Neighbours of Nanaimo drug use site ‘scared out of their minds’

CHEK

Even before the gates opened Monday at a busy drug consumption site on Nanaimo’s Nicol Street, users were pacing outside with drugs in hand.

“It means the world to me, it makes people live. There’s a lot of people OD’ing downtown right now, like every day. Every night you’re hearing sirens and this place does keep people alive,” said NANDU client Richard Przada.

But the site’s days of keeping the lights on may be numbered, as a rising outcry from neighbours over a surge in crime, violence and open drug use has demanded officials crack down on the lot serving upwards of 200 addicts daily.

“Step in and help because left to their own devices, people are scared out of their minds,” said Nanaimo resident Collen Middleton, who lives near the site.

The Nanaimo Area Network of Drug Users supervised use site opened in April 2022 due to skyrocketing fatal overdoses from the toxic drug supply, funded by the BC Ministry of Mental Health & Addictions and supported by Island Health.

But neighbour Collen Middleton said NANDU has turned the neighbourhood upside down in the process.

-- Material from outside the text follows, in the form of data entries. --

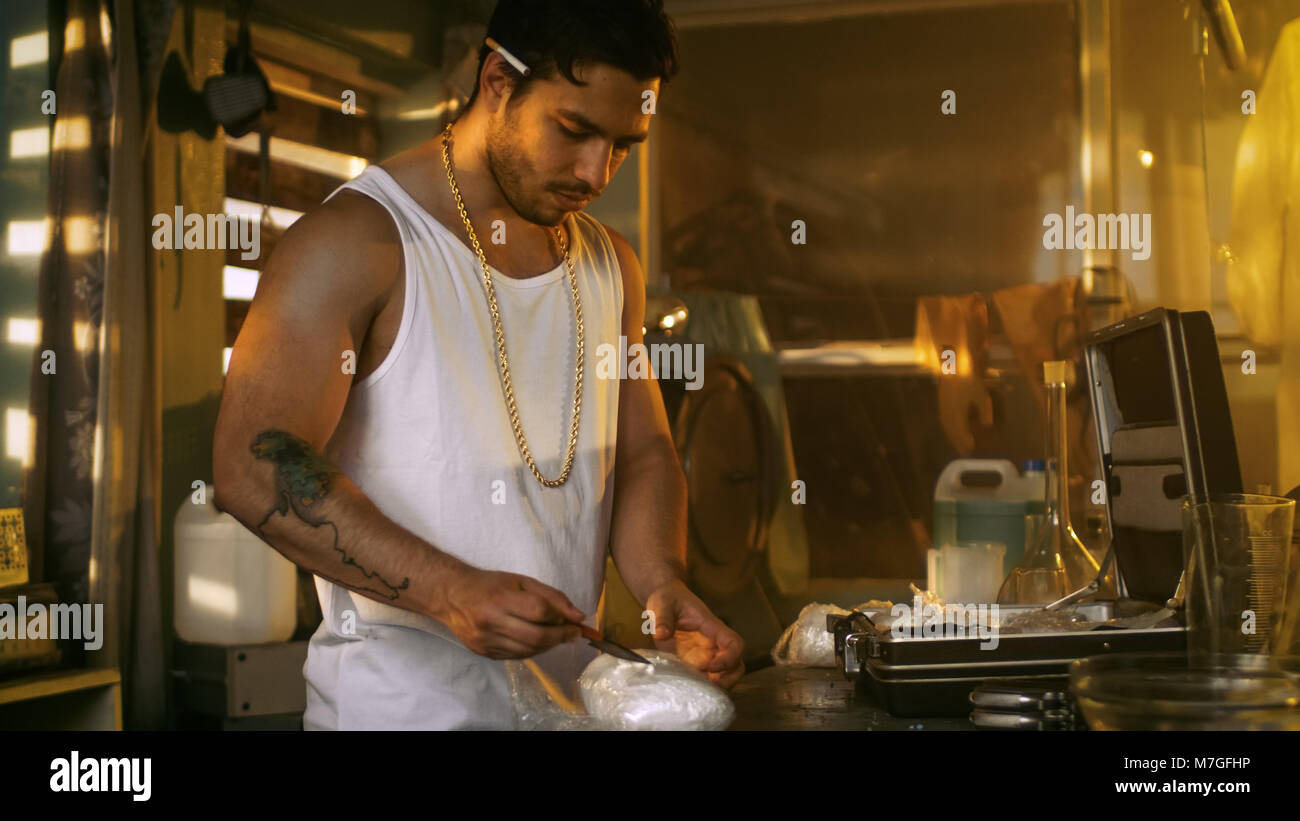 Brutale Drogendealer nimmt Droge Ziegel aus dem Koffer und schneidet ihn mit einem Messer gepackt, eine Probe zu versuchen. Er hockt in das verlassene Gebäude. Stockfoto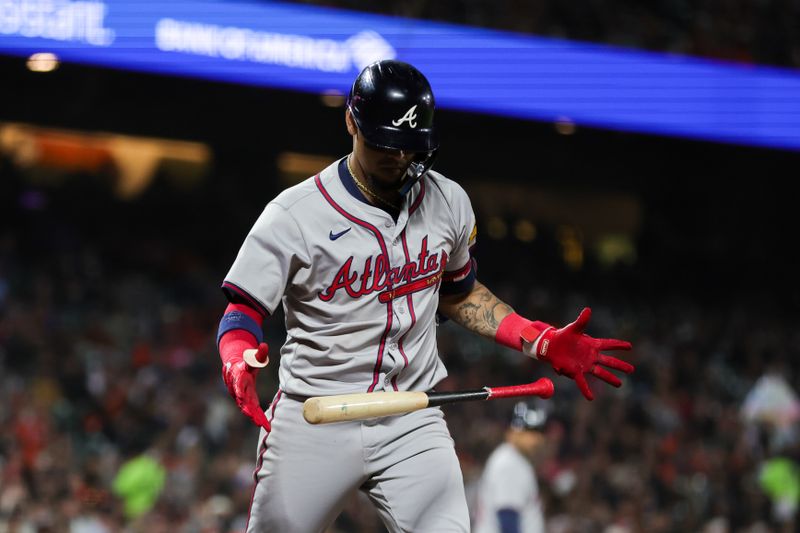 Aug 12, 2024; San Francisco, California, USA; Atlanta Braves shortstop Orlando Arcia (11) reacts after striking out during the seventh inning against the San Francisco Giants at Oracle Park. Mandatory Credit: Sergio Estrada-USA TODAY Sports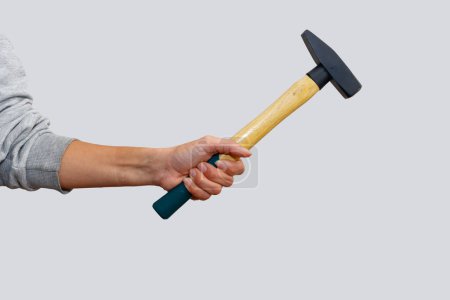 Woman's hand holdin a hammer on an isolated white background. Showing woman empowerment and equality.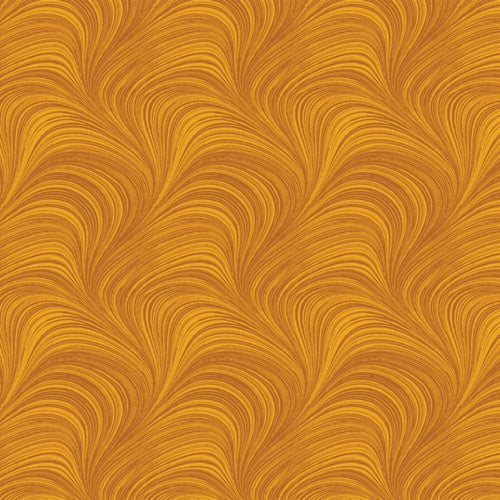 Tonal amber fabric with an all-over wave and brushstroke pattern, perfect as a quilt blender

“Aggressive behaviours, people passed out in the alleyways, people overdosing in the yards off their homes. The people who live right beside the site, they have kids, so they don’t even like to use their backyards anymore,” said Middleton.

RCMP responded to 14 calls at the site since April of last year.

“The province really needs to pay attention to the impact that these properties and these kinds of sites have on communities,” said Middleton.

On Monday night, Nanaimo city council is scheduled to vote on whether to declare NANDU a nuisance property. It’s a designation that would charge all emergency calls regarding the property to the landlord who rents the site to NANDU.

“It’s not going to be that great if NANDU closes,” said Sara Edmonson, who volunteers and uses at NANDU.

“It’s going to be worse around here. Worse for the deaths, worse for people outside, worse probably for the neighbours having people using drugs in their yard,” said Edmonson.

Another supervised overdose prevention site run by the Canadian Mental Health Association just opened next to Nanaimo city hall, addressing a gap that NANDU filled in a crisis that neighbours say has taken their neighbourhood with it.